--- The input Enclosed Below ---
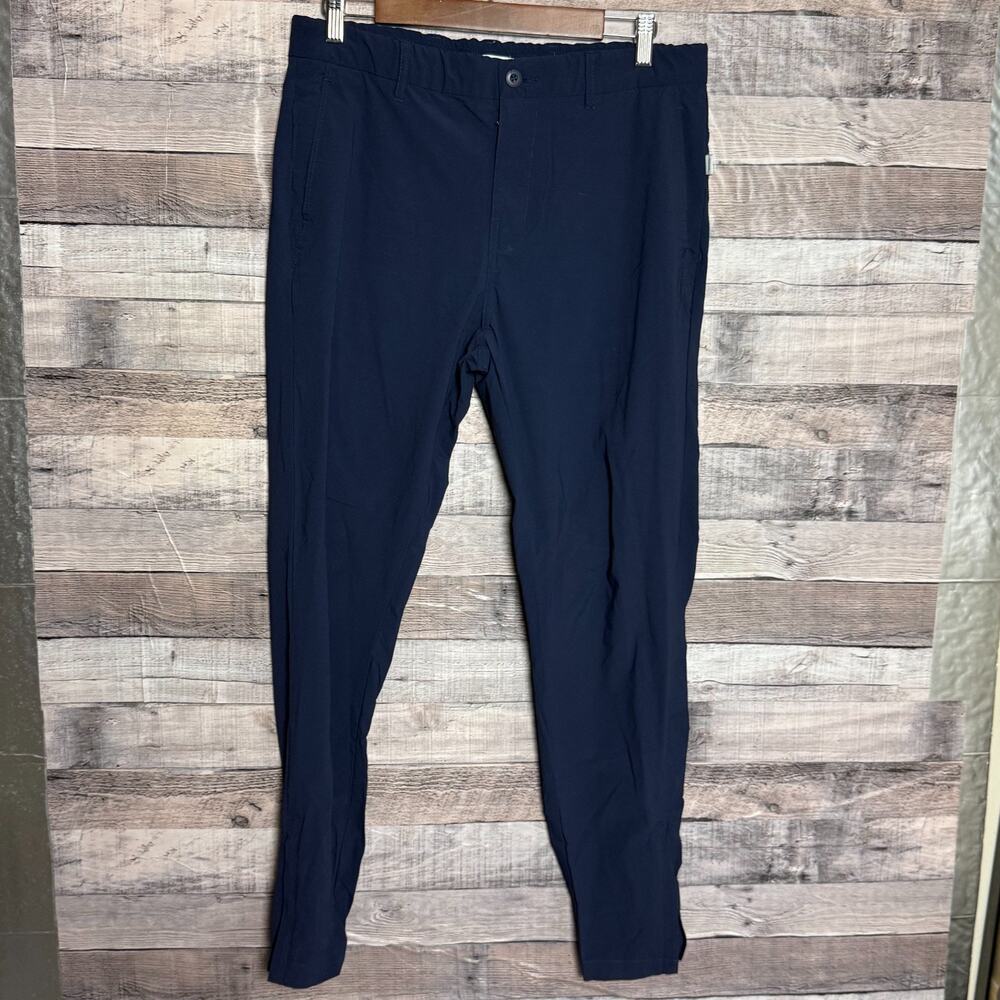 Onia Mens Tech Pants 32x30 Blue Zip Ankles Stretch Performance Tapered Preppy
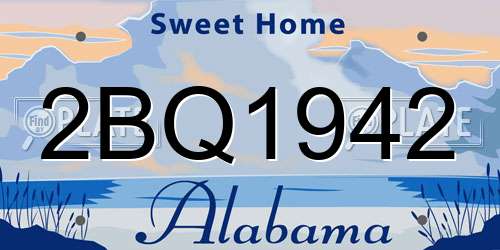 2BQ1942 Alabama License Plate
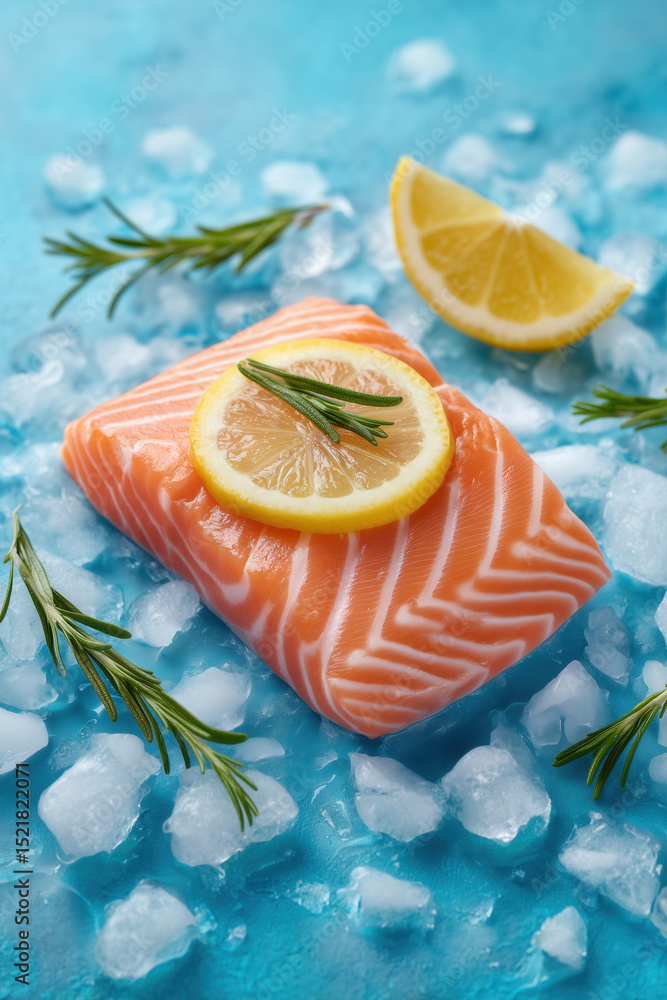Aufkleber raw salmon fillet adorned with lemon slices and rosemary on crushed ice, creating a colorful and ref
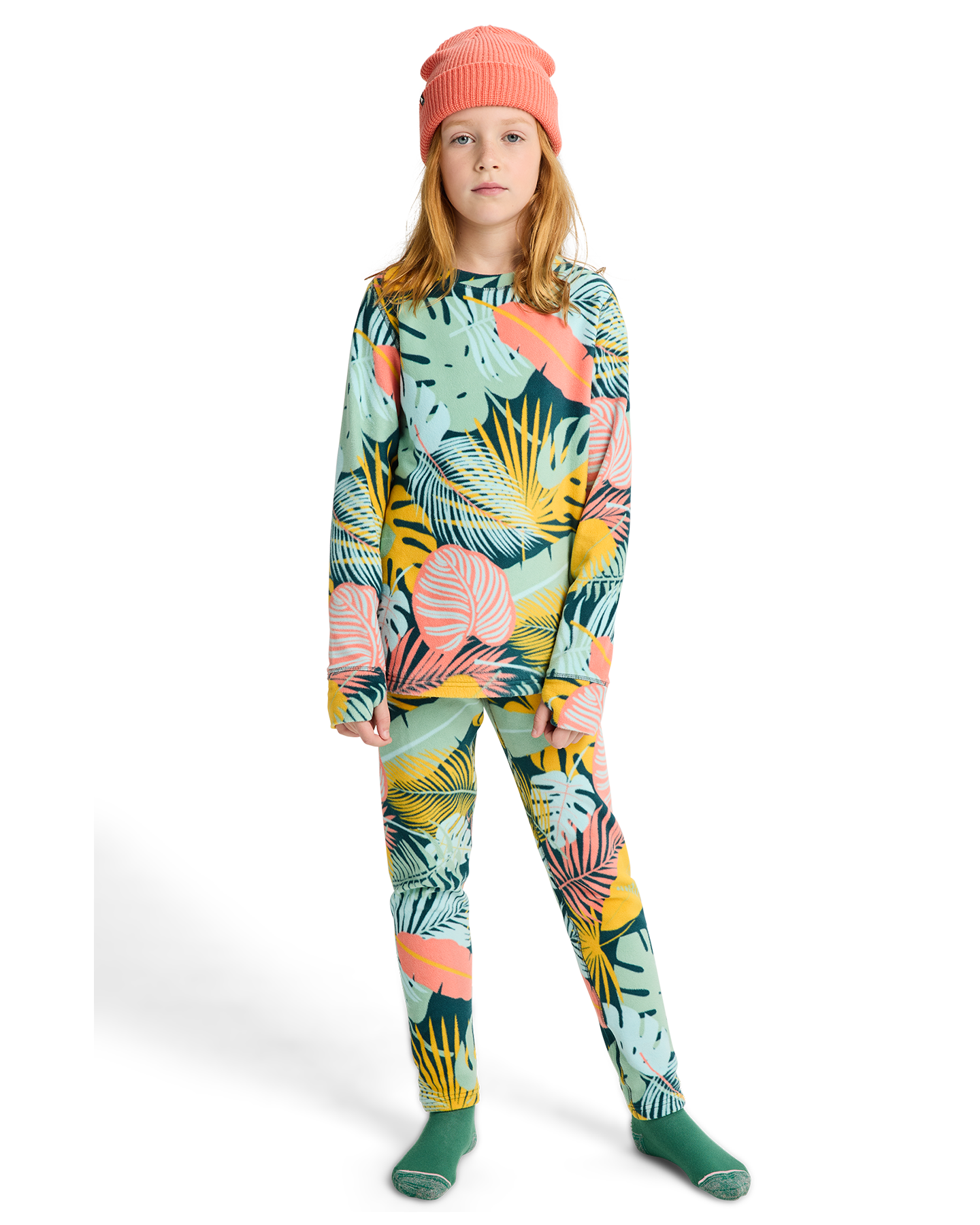 Burton Kids' Fleece Base Layer Thermal Set - Oversized Tropical Kids' Thermal Sets - Trojan Wake Ski Snow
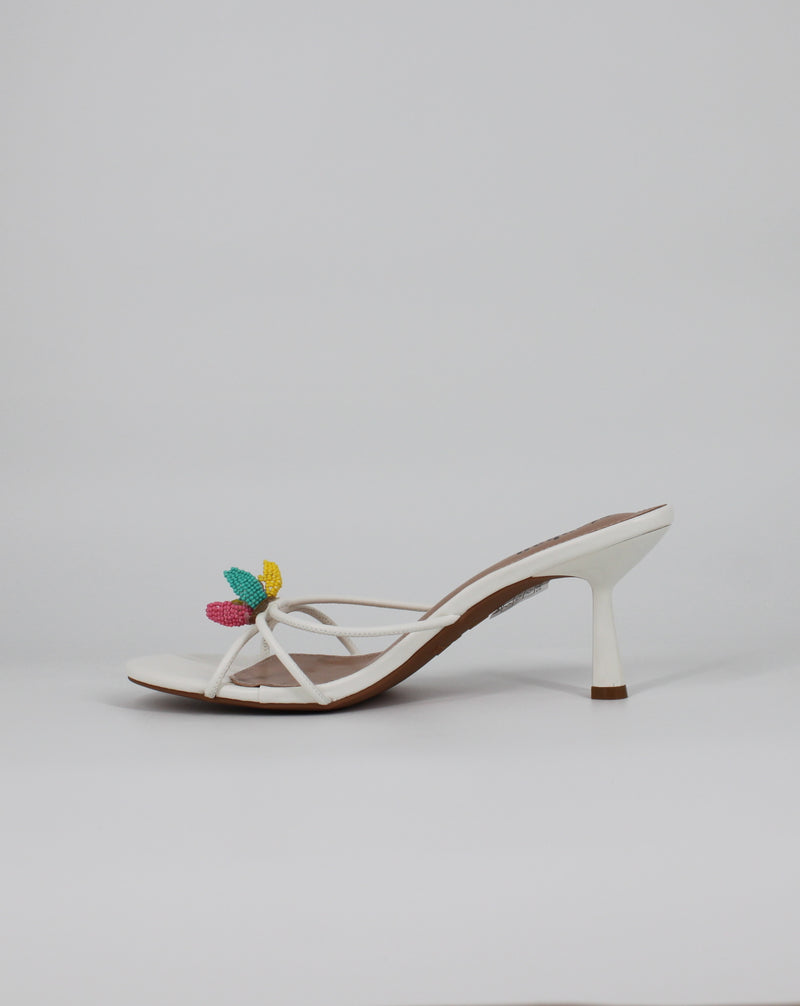 Sandali Sabot  con Listini e Dettaglio Bijou Multicolor - Bianco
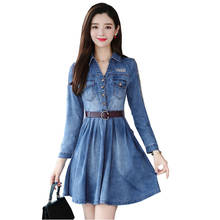 Spring Autumn 2021 New Denim Dress for Womens Lapel Single-breasted Embroidery Dresses Ladies Casual belted Lady Dress Vestidos 2024 - buy cheap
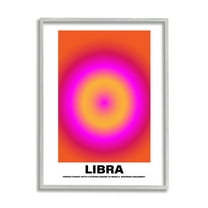 Stupell Industries Funny Libra Astrology Abstract Painting Gray Framed Art Print Wall Art, 24 x 30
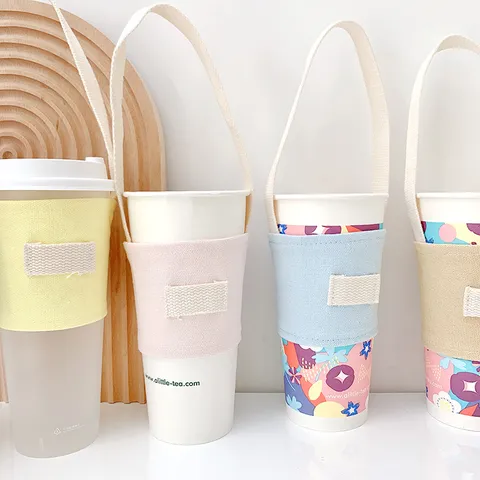 Tragbare Segeltuch Becherhülle Minimalistisch Bonbonfarben Wärmeisolierend Flaschenträger Kaffee Milchtee Halter Tasche Mit Riemen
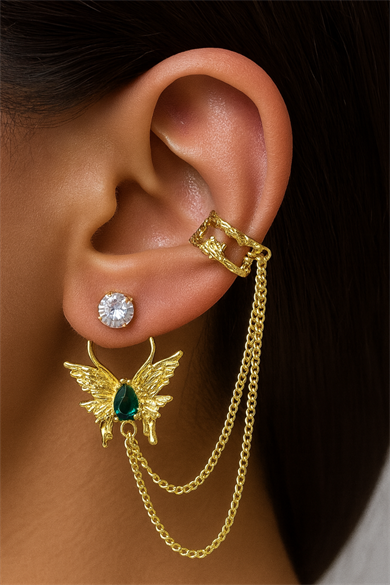 Altın Renk Kelebek Figürlü Taş Detaylı Ear Cuff Küpe Set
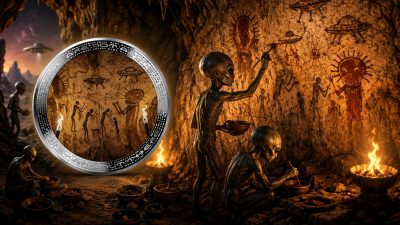 Cameroon - 2026 - 1000 Francs - PREHISTORIC ALIEN PAINTING (UFO & Aliens series) 1oz silver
--- End of Enclosed The input ---
> [Task objective]: Every line from the top of the material above through the line with "Stupell Industries Funny" should be duplicated exactly, please; leave out the pictures.

> [Exercise answer]:
 Onia Mens Tech Pants 32x30 Blue Zip Ankles Stretch Performance Tapered Preppy
 2BQ1942 Alabama License Plate
Aufkleber raw salmon fillet adorned with lemon slices and rosemary on crushed ice, creating a colorful and ref
 Burton Kids' Fleece Base Layer Thermal Set - Oversized Tropical Kids' Thermal Sets - Trojan Wake Ski Snow
 Sandali Sabot  con Listini e Dettaglio Bijou Multicolor - Bianco
 Spring Autumn 2021 New Denim Dress for Womens Lapel Single-breasted Embroidery Dresses Ladies Casual belted Lady Dress Vestidos 2024 - buy cheap
 Stupell Industries Funny Libra Astrology Abstract Painting Gray Framed Art Print Wall Art, 24 x 30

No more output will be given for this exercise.